Unix Sysadmin (Score:2)
I made changes to about 40 lines of code. I do scripting of course as a unix admin but I also have three php based apps I've written. One had a bug in the picture display code (stupid one; I didn't fully qualify a search so was getting too much data back from mysql), and the other needed some changes due to it being August (I haven't taken the time to make the code correct after creating it).
Today I'll be making cron changes to implement a new wrapper script I wrote for work and likely working on the third
Wannabe sysadmin (Score:2)
I work in a network operations center.

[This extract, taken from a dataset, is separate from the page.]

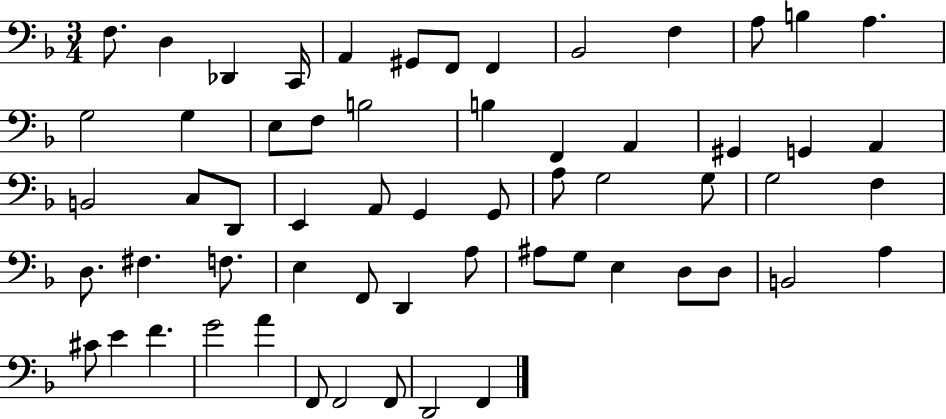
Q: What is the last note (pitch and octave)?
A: F2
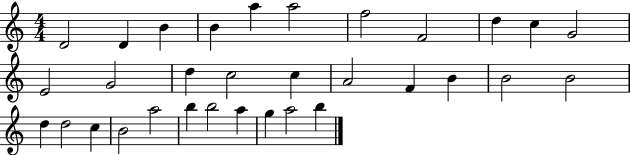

If I'm good, they let me write a shell script once in a while.
Most of the coding I do is for the exercises in textbooks I work through when there's nothing going on.
Voted wrong (Score:2)
Damn.. i voted 'none' but that actually isn't accurate.. i hacked some fix in a WoW addon making less-than-100 the correct answer..
We're in the testing phase (Score:2)
So not much code being written.
Less than I would like. (Score:2)
I deleted code, you insensitive clod! (Score:5, Interesting)
I love deleting code. It's sort of the same feeling as finishing a job cleaning your bathroom - the work itself stinks, but once you do it things stink a lot less. And it doesn't leave behind any maintenance burden either, so when you can get away with it, it's by far the best use of your time.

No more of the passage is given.